= Beginning of Section =
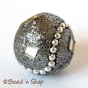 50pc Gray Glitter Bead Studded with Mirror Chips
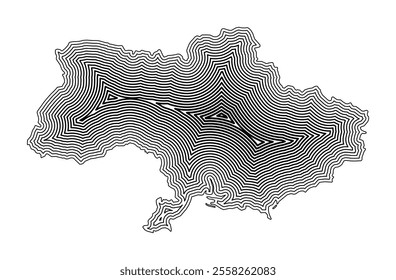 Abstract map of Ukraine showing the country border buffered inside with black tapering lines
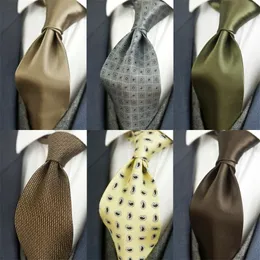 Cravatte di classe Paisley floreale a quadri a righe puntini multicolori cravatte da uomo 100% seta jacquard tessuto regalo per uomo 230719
= End of Section =
> **WORK INSTRUCTIONS**
Repeat verbatim all the material, but not the pictures.

> **RESULT OF THIS EXERCISE**
 50pc Gray Glitter Bead Studded with Mirror Chips
 Abstract map of Ukraine showing the country border buffered inside with black tapering lines
 Cravatte di classe Paisley floreale a quadri a righe puntini multicolori cravatte da uomo 100% seta jacquard tessuto regalo per uomo 230719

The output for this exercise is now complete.